第80話 神に仕える騎士を名乗る者達
メセ聖堂の司教達を追い払ってから2週間後。
今度は教会騎士団と名乗る人達がやってきた。
白地に銀の縁取りがしてある豪奢な鎧を身に纏っている、屈強な感じの3人、女1人男2人が扉の前に陣取っていた。
そのなかの、リーダーらしき朱い髪の女性が、恐い顔をしながら前にでてきた。
先日の司教達を追い返したことが問題になったのだろうか?
でも、帰らせただけだし、僕のことは忘れろと細工しておいたはずだ。
そんな僕の思惑を余所に、女騎士は用件を伝えてきた。
「お前が薬師のヤムだな。
今からパウディル聖教の総本山であるパウディル神聖国に来い。
拒否は許可されない。
お前がサキュバスであることも承知している。
その為我々は全員魅了対策をしている。
さらに、この家の近くにいた子供を我々が保護している。
お前が私と共に大人しく聖国に来ないというのならば、その子供を背教者として扱わねばならなくなる。

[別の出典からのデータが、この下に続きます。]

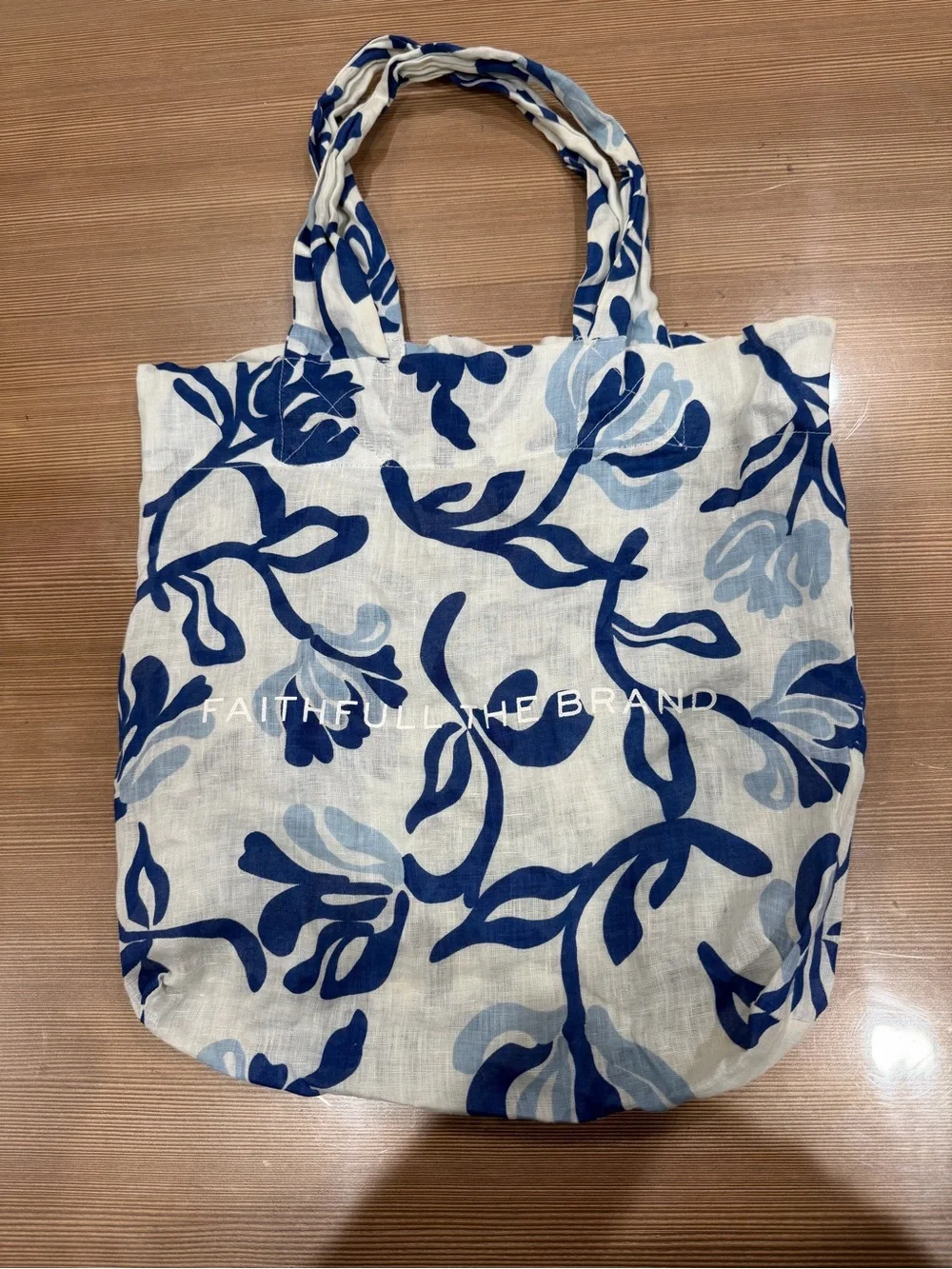 Faithfull The Brand Ensola Tote Bag 100% Linen Blue Floral White Beach Market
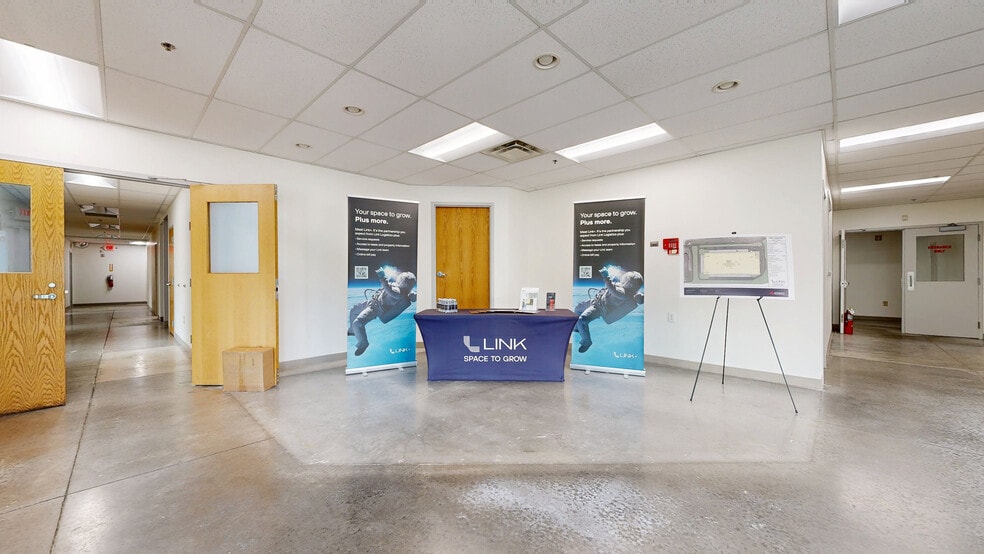 1405 Worldwide Blvd, Hebron, KY for lease - Matterport 3D Scan - Image 2 of 18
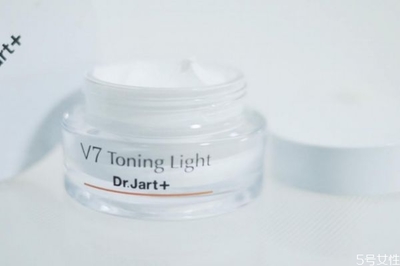 v7化妆品怎么样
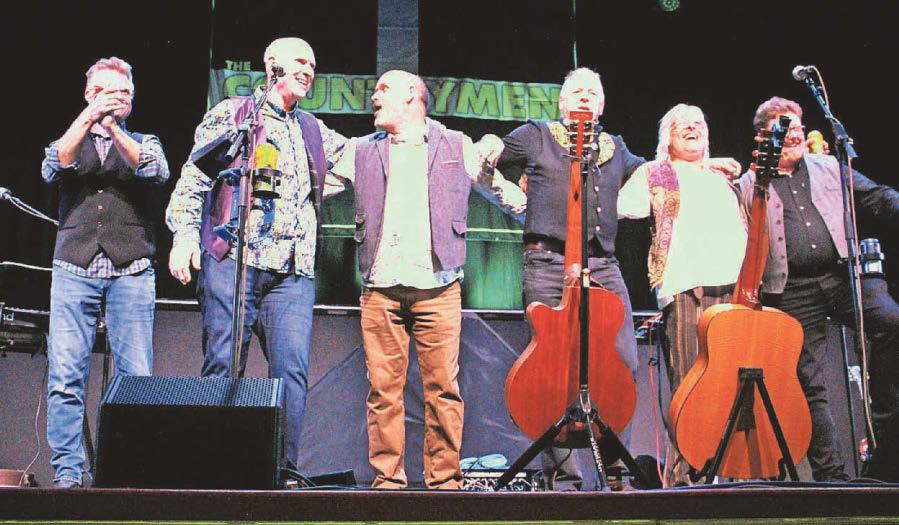 Crowds flock to St Ives as festival kicks off with street entertainment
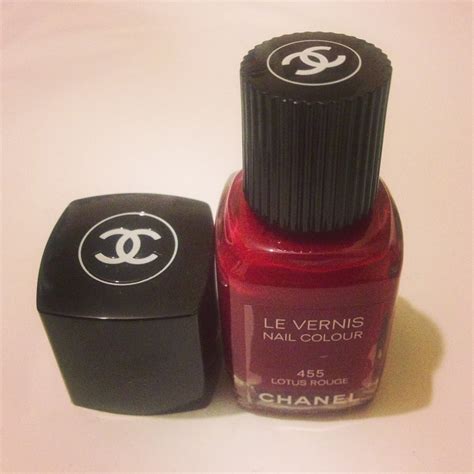 chanel le vernis 455 lotus rouge|Nail Polish & Colours .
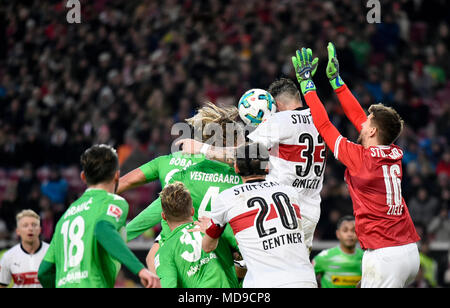 Obiettivo-scena Duello di testata, portiere Ron-Robert Zieler e Daniel Ginczek del VfB Stuttgart contro Jannik Vestergaard del Borussia Foto Stock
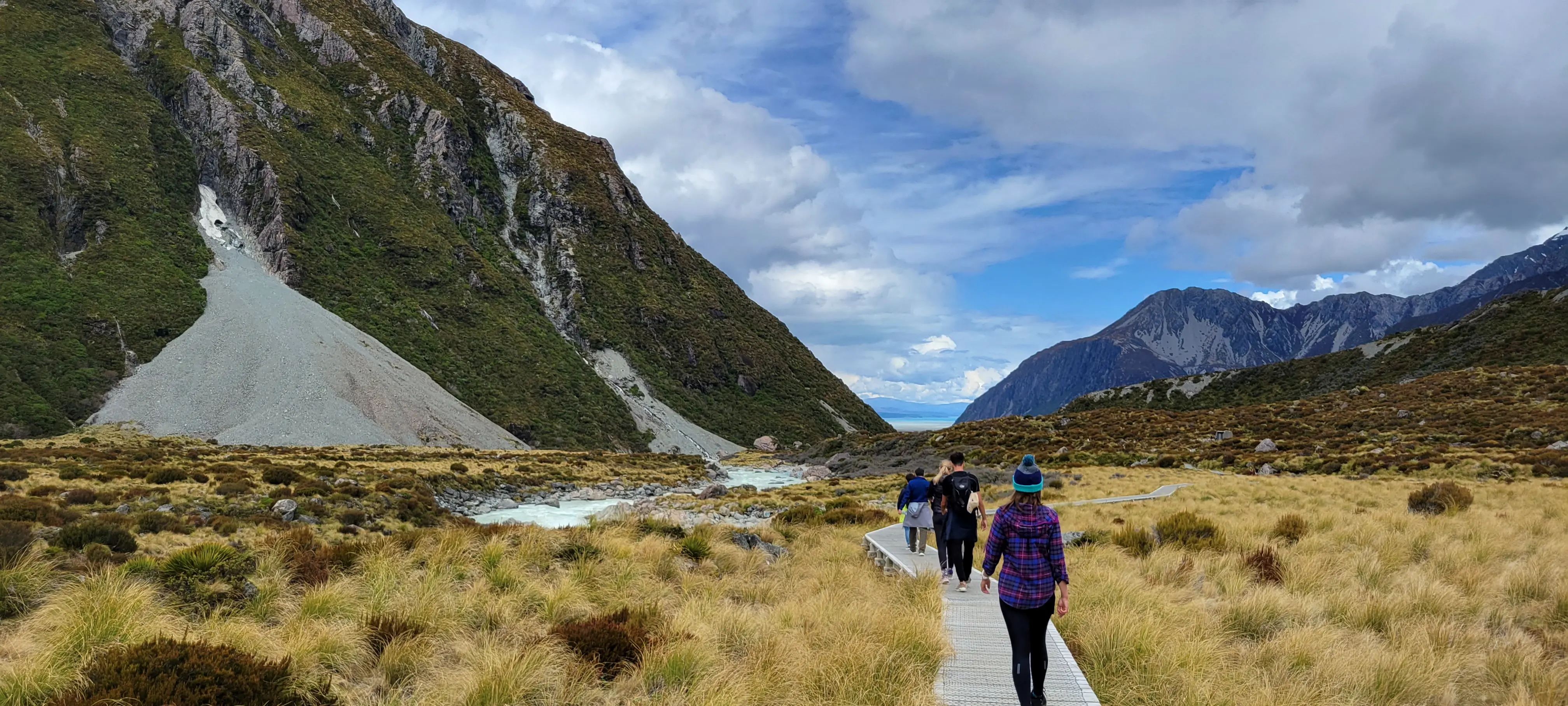 hooker valley track hikers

場合によってはこの街そのものを背教者の巣窟として対処せねばならなくなる。
何よりこの命令を拒否するということは、神パウディルの意思に逆らったということになる。
自分の立場を理解したか下等な淫魔よ。
理解したらいますぐ出立準備をしろ。
5分やる。1秒でも過ぎたら保護した子供もこの街も背教者だ」
いや、用件じゃなくて脅迫だった。
多分子供というのはルルナちゃんの事だろう。
この人達は、あのギルド長の娘と同じ、卑怯な人達だ。
僕に言うことを聞かせるために、なんの関係もない人を人質に取り、簡単に命を奪うつもりだ。
前世では僕の味方はいなかったから、そんなことは起こらなかったけれど。
それにしても、こんなことをしてでも教会の意思に従わせるのが、正しいパウディル聖教の教えだったりするのだろうか?
僕の知っている宗教家達は間違ったパウディル聖教の人なのだろうか?
僕としては、この教会騎士の人達が間違ってると思いたい。
ともかく僕は、製薬道具とポーションと薬の全て、金剛杖とフード付きマントを、神様のバッグに詰め込んだあと、女騎士の前に立った。
「4分か。なかなか殊勝だな」
女騎士は不機嫌そうにそういった。
「ルルナちゃんに会わせてもらいます。無事が確認できなければ同行しません」
僕は、あったばかりの騎士団のこの人達に対して本気で腹を立てていた。
これでもしもルルナちゃんになにかあったら。
街の人達になにかするようなことがあったら。
僕は、神様達に教わったことの全てを用いて、この人達を排除するかも知れない。